[What the task requires] Exactly the lines from the line that has "нержавеющая сталь Изображение" through the final line below are to be retyped, and the pictures are not.
=== Supplied records ===
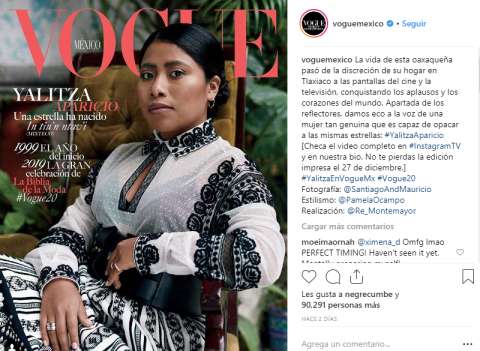 Yalitza Aparicio hace historia en la portada de Vogue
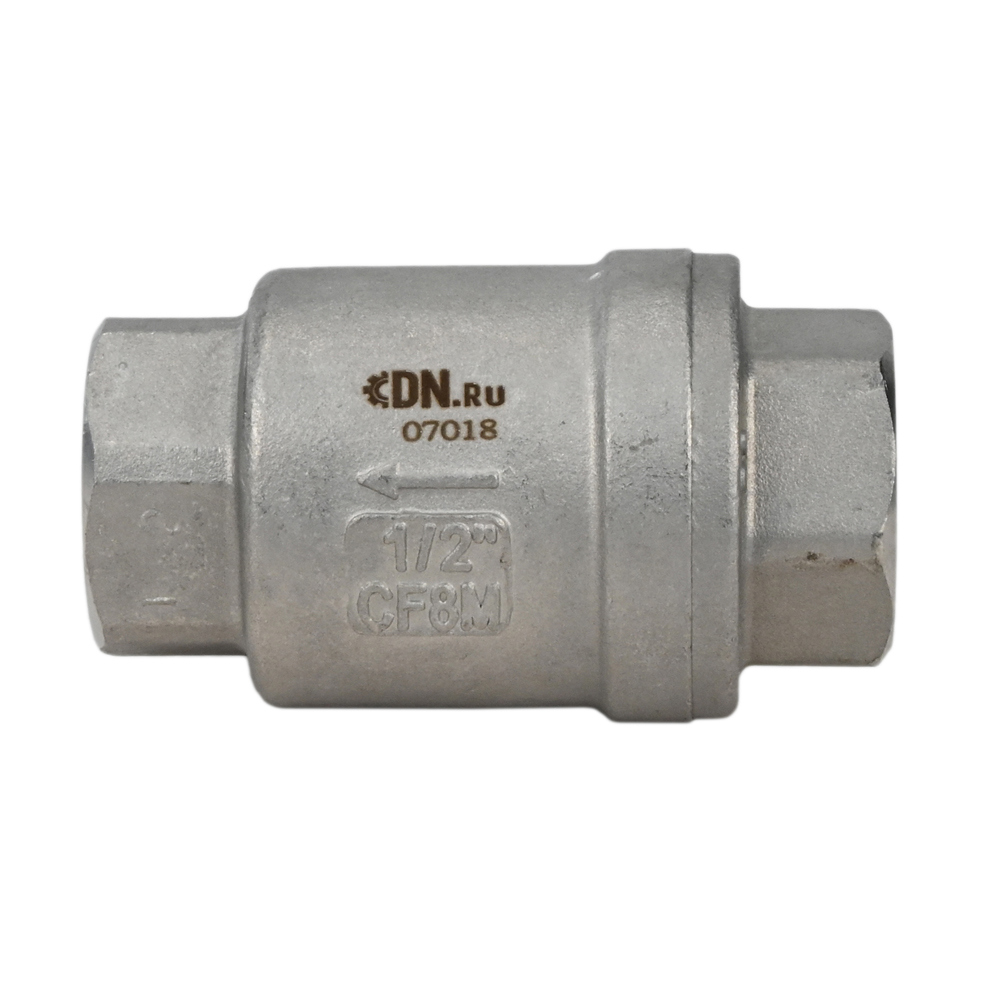 Изображение товара Обратный клапан пружинный Dn.ru D100-03573 DN20 PN63 3/4" ВР нержавеющая сталь Изображение товара Обратный клапан пружинный Dn.ru D100-03573 DN20 PN63 3/4" ВР нержавеющая сталь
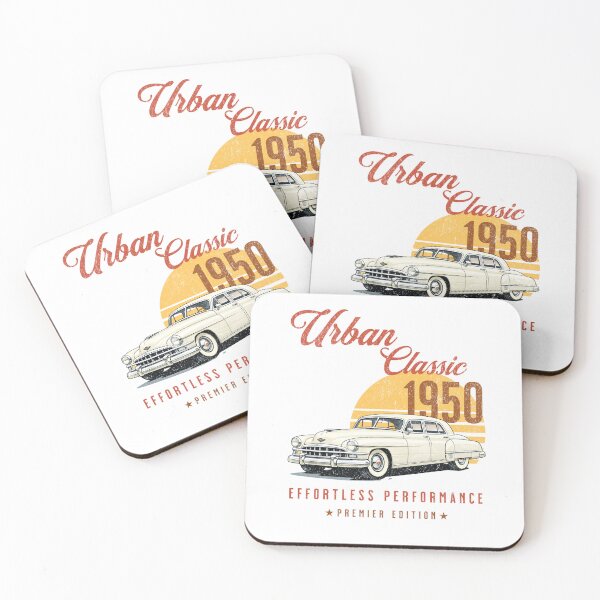 Item preview, Urban Classic 1950 – Vintage Sedan Illustration | Effortless Performance Retro Car Art designed and sold by RomeoSketches.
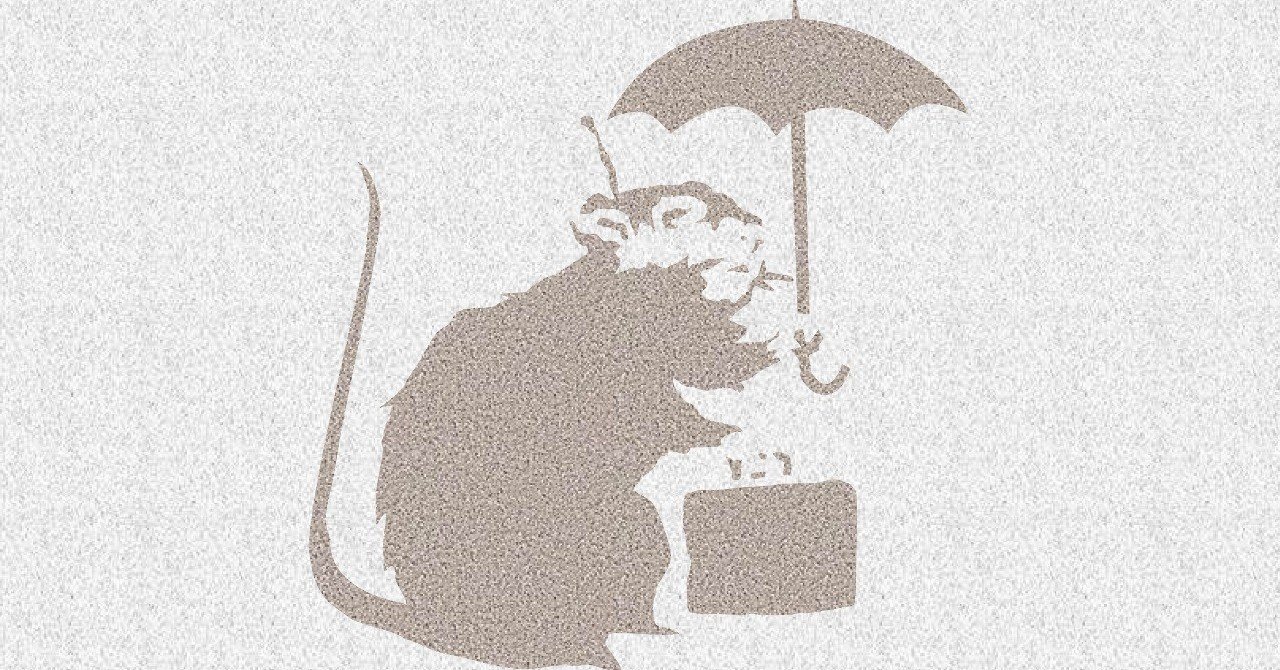 油絵　ネズミ ネズミ原画 動物アートワーク 油絵 - ショップ ArtLizzi ウォールデコ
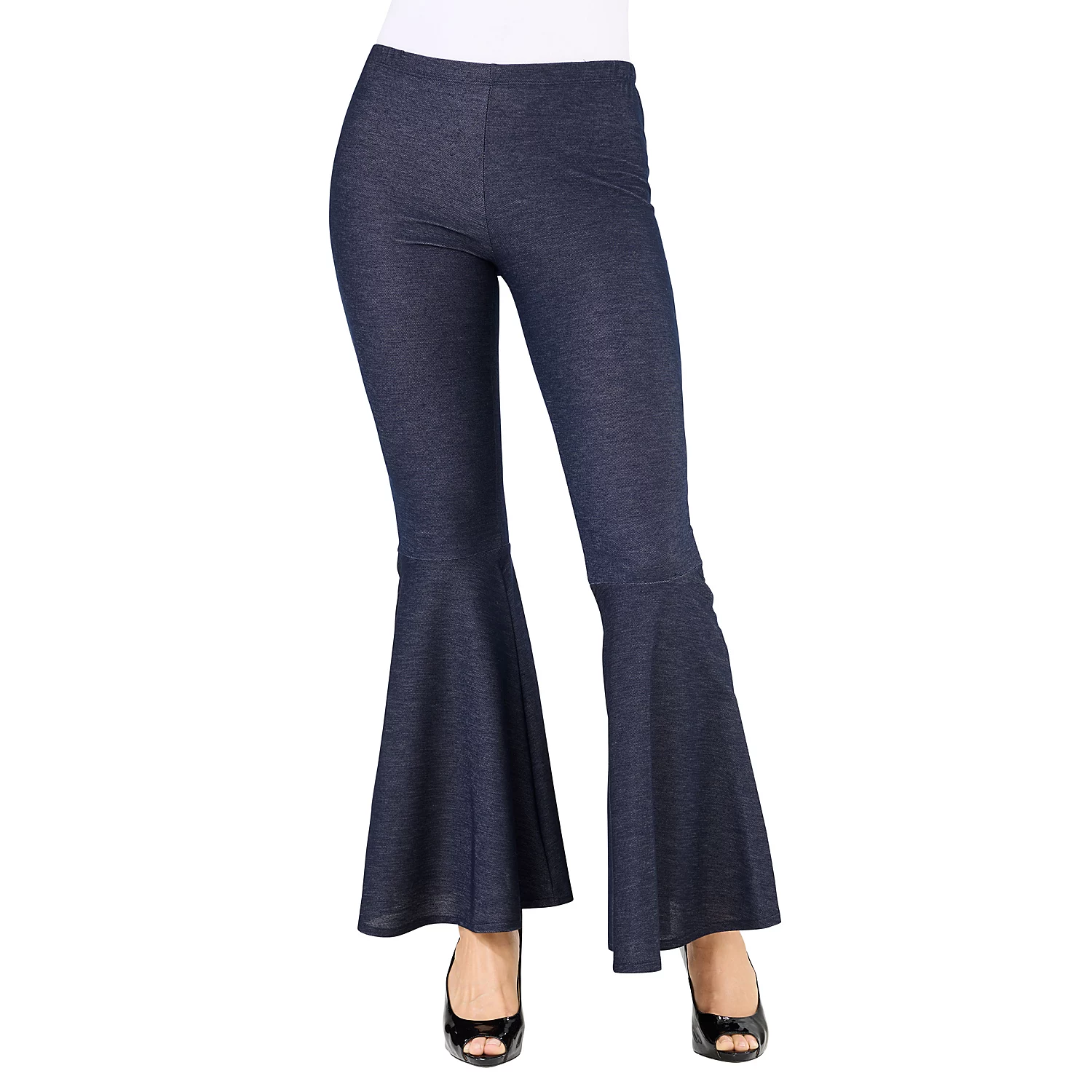 Schlaghose Jeans für Damen, blau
===
[Answer to this problem]
 Изображение товара Обратный клапан пружинный Dn.ru D100-03573 DN20 PN63 3/4" ВР нержавеющая сталь Изображение товара Обратный клапан пружинный Dn.ru D100-03573 DN20 PN63 3/4" ВР нержавеющая сталь
 Item preview, Urban Classic 1950 – Vintage Sedan Illustration | Effortless Performance Retro Car Art designed and sold by RomeoSketches.
 油絵　ネズミ ネズミ原画 動物アートワーク 油絵 - ショップ ArtLizzi ウォールデコ
 Schlaghose Jeans für Damen, blau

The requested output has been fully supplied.